Especially useful are header arguments such as :session, :results, and :exports. Header arguments can be placed on the #+BEGIN_SRC line as follows

#+BEGIN_SRC elisp :exports code
 <body>
#+END_SRC

Or they can be placed as code block annotations as follows

#+HEADER: :exports code
#+BEGIN_SRC elisp
 <body>
#+END_SRC

Multiple header blocks can be used in either form.
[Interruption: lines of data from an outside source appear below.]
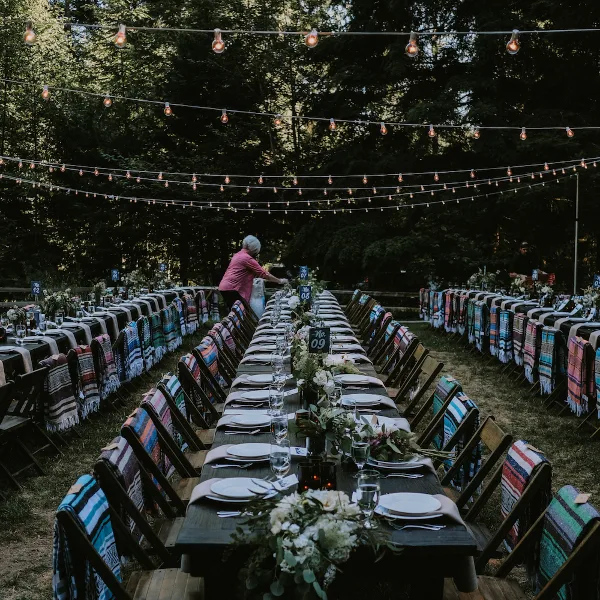 An outdoor wedding reception setup featuring a long wooden farm table, rows of chairs with blankets, and overhead string lights.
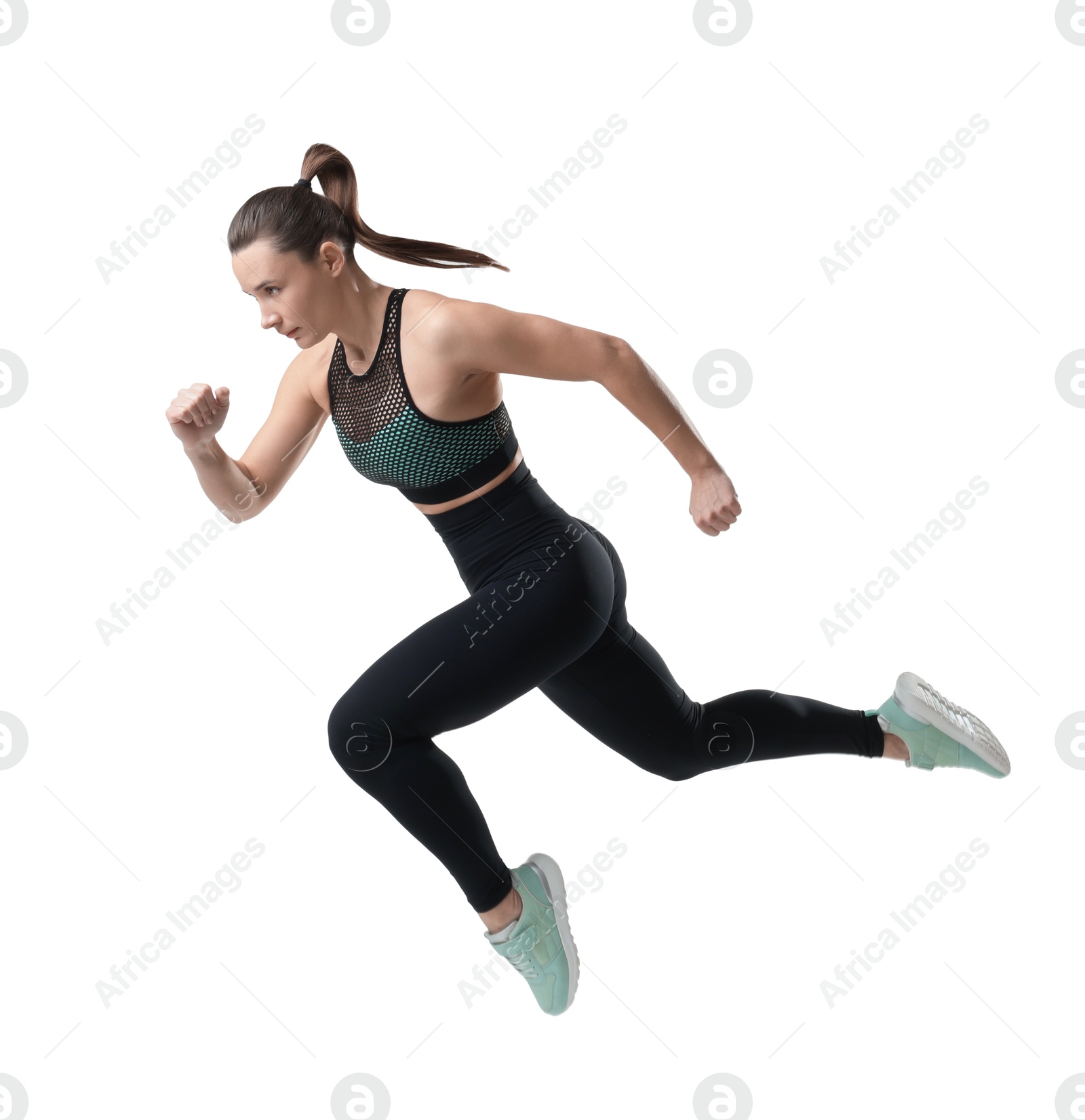 Photo of Beautiful woman in sportswear running on white background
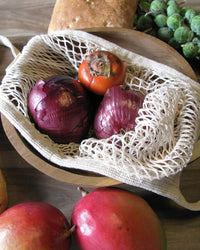 The French Market Bag No.2 in Natural by PILLOWPIA holds two red onions and a persimmon in a wooden bowl, with bread, Brussels sprouts, and fruit displayed nearby on a wooden surface.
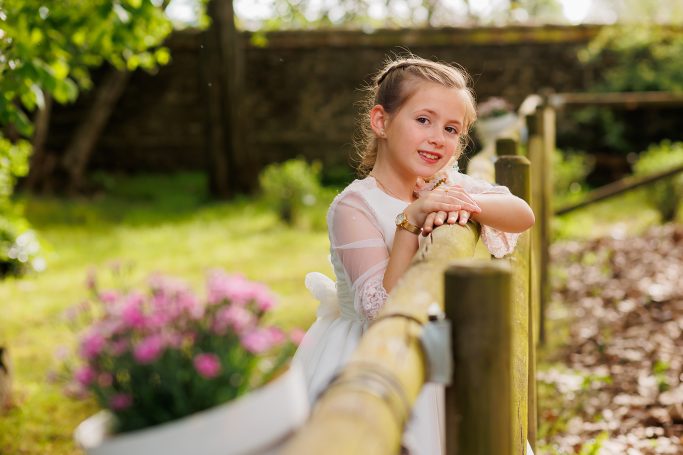 Niña en vestido blanco apoyada en una cerca, sonriendo, rodeada de naturaleza y flores.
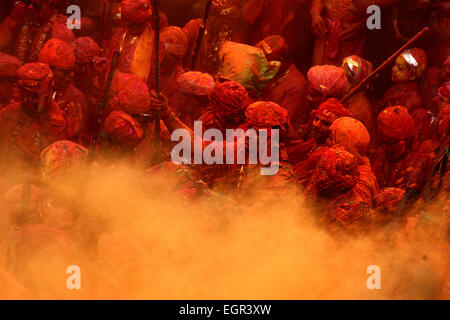 Thousands of Hindu devotees took part and celebrate 'Lathmar Holi'. The colours fill the atmosphere as people throw abeer and gulal in the air showing great joy and mirth in the arrival of this Spring Festival. The rituals of the ancient festival of Holi are religiously followed every year with care and enthusiasm. © Shashi Sharma/Pacific Press/Alamy Live News Stock Photo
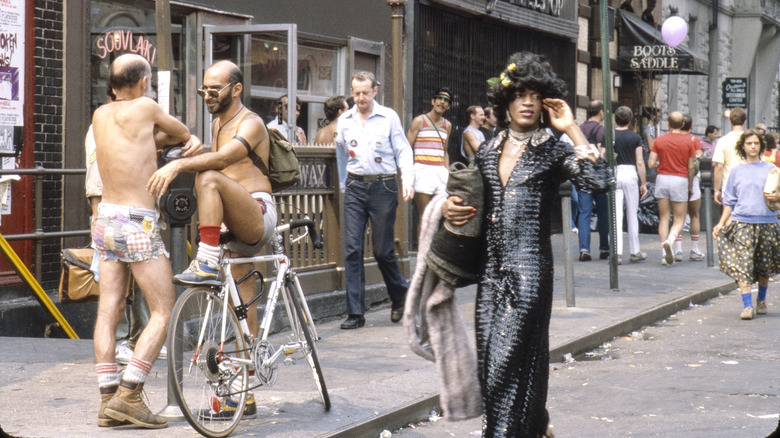 American gay liberation activist Marsha P Johnson (1945 - 1992) (center, in dark sequined outfit), along with unidentified others, on the corner of Christopher Street and 7th Avenue during the Pride March (later the LGBT Pride March), New York, New York, June 27, 1982. (Photo by Barbara Alper/Getty Images)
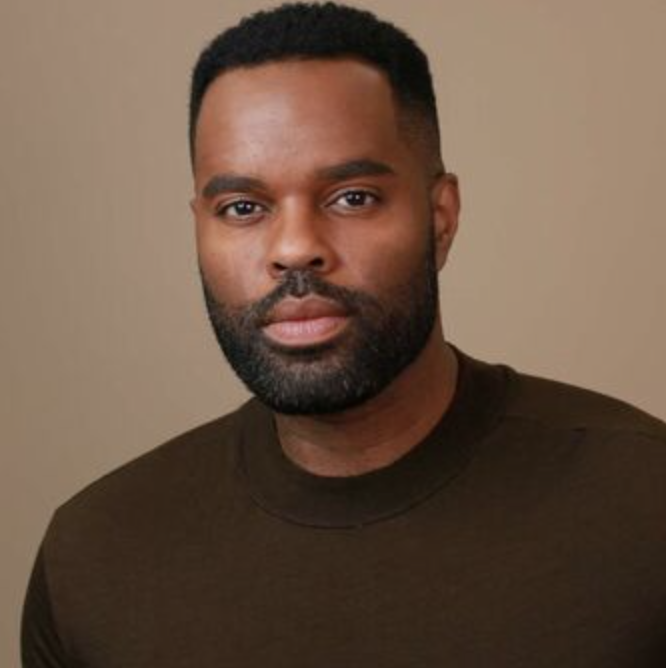 Portrait of a man with short black hair and a beard, wearing a dark brown shirt, against a neutral background.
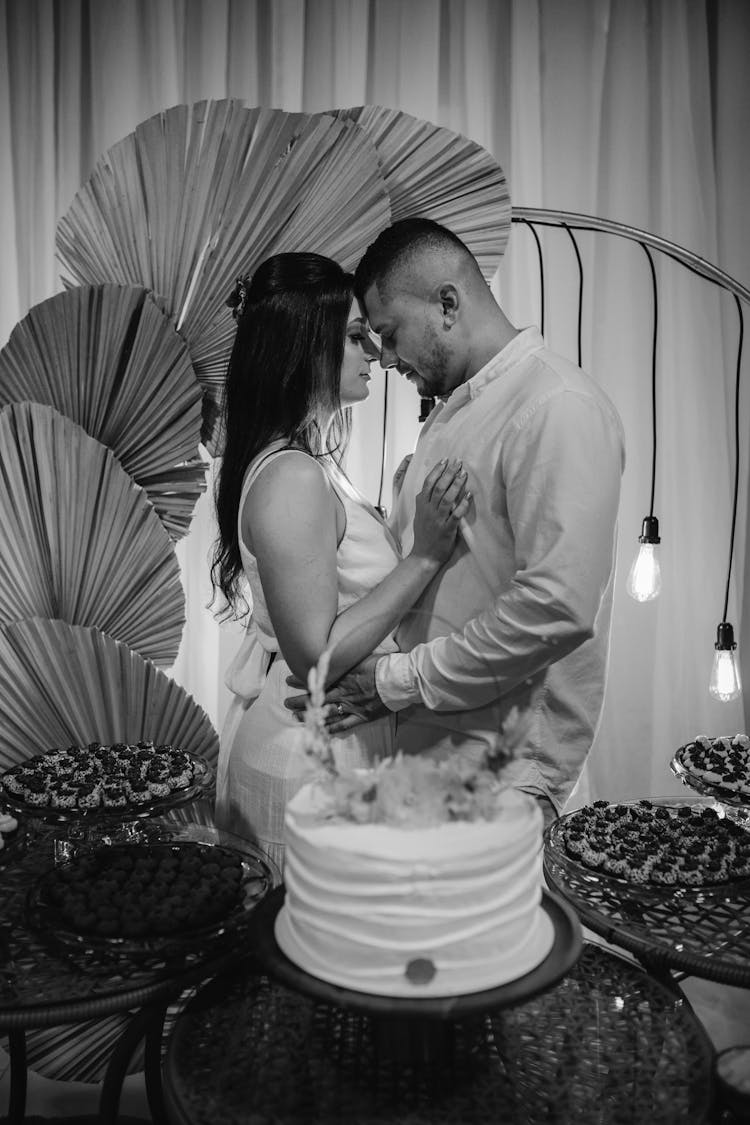 Bride And Groom Near Wedding Cake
#+BEGIN_SRC elisp :exports code :results replace table
 <body>
#+END_SRC

#+HEADER: :exports code
#+HEADER: :results replace table
#+BEGIN_SRC elisp
 <body>
#+END_SRC

The :exports header argument is incredibly useful. It controls how the code block is used when exporting. It can simply list its code in the exported document by using :exports code. Or it can evaluate the code and export just the results using :exports results. To include both the code and the results in the exported document use :exports both. Finally the code and the results can be excluded from the exported document using :exports none.
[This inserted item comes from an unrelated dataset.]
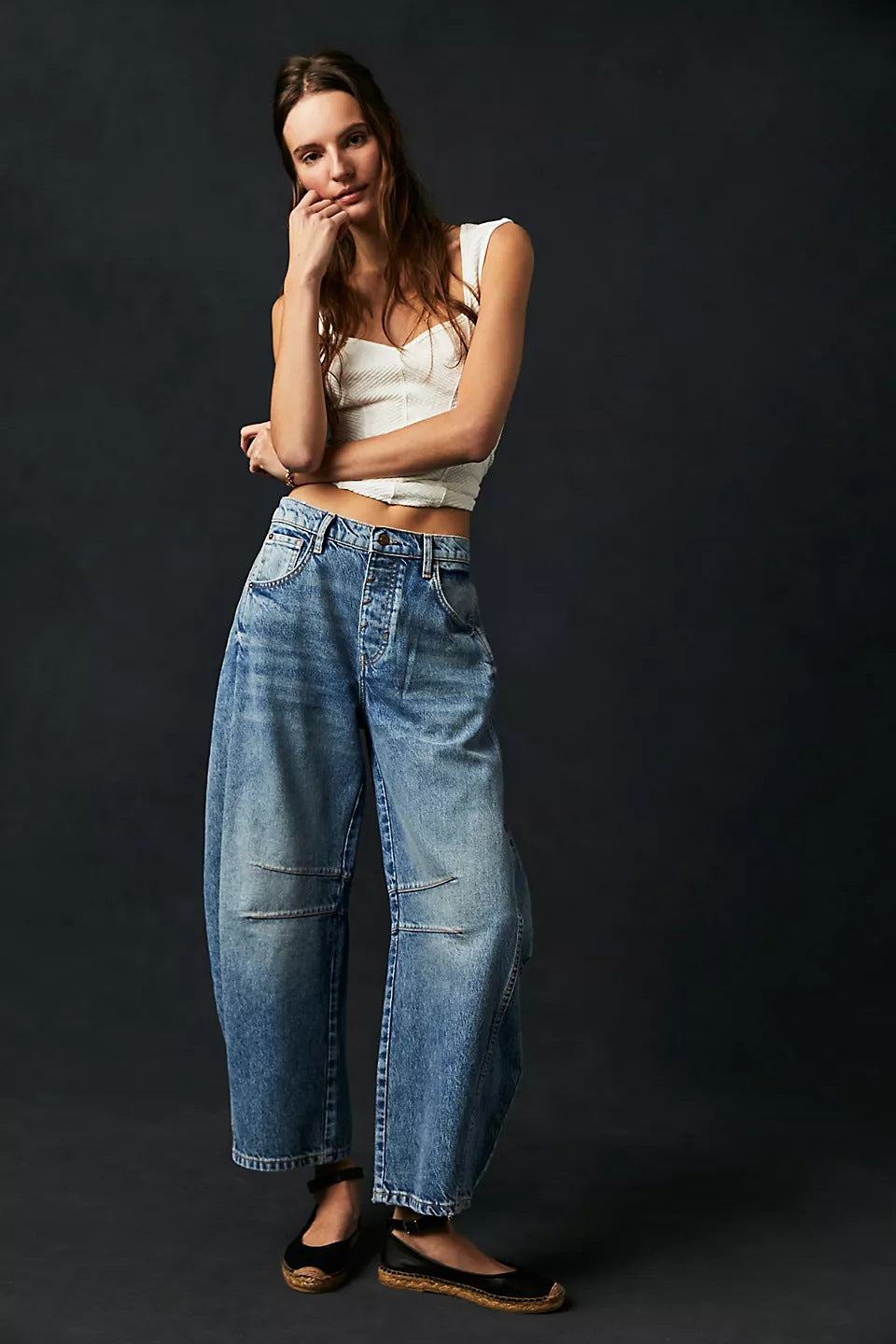 Woman wearing high stretch mid-rise wide leg loose fit denim jeans and white tank top against dark background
Code Block Variables in Elisp

Simple example shows setting a variable in a header comment.

#+NAME: square_el
#+HEADER: :var x=0
#+BEGIN_SRC elisp
  (* x x)
#+END_SRC

Now we can use #+CALL: to invoke the named code block.

#+CALL: square_el(x=6)

36

Code Block Variables in Python

Now a simple example in Python.

#+NAME: square_py
#+HEADER: :var x=0
#+BEGIN_SRC python
  return x * x
#+END_SRC

Likewise we can use #+CALL: to invoke the named Python code block.

#+CALL: square_py(x=5)

25

Inline Code Block

Code can be evaluated inline using src_lang{code}. Thus to get the current Emacs version use src_elisp{(format "%s" emacs-major-version)}. This document was prepared with Emacs 26.

Inline Code Block with Arguments

Inline code with arguments has the form src_lang[args]{code}. Thus we can assign a variable inline like so src_elisp[:var x=25]{(sqrt x)} can be used to show that \( \sqrt{25} = \) 5.0.

Named Inline Calls

Named code blocks can be called in a similar fashion and syntax used for inline code blocks. The form is call_name() or the expanded form call_name[inside-header-args](args)[end-header-args].

#+NAME: mcpython91
#+BEGIN_SRC python :var in_from_org=0 :exports none
 def mccarthy91(n):
     "McCarthy 91 is used as a formal verification test case."
     if n <= 100:
         return mccarthy91(mccarthy91(n + 11))
     else:
         return n - 10

 return mccarthy91(in_from_org)
#+END_SRC

The McCarthy 91 function with the argument 4 evaluates to 91 and with the argument 246 evaluates to 236.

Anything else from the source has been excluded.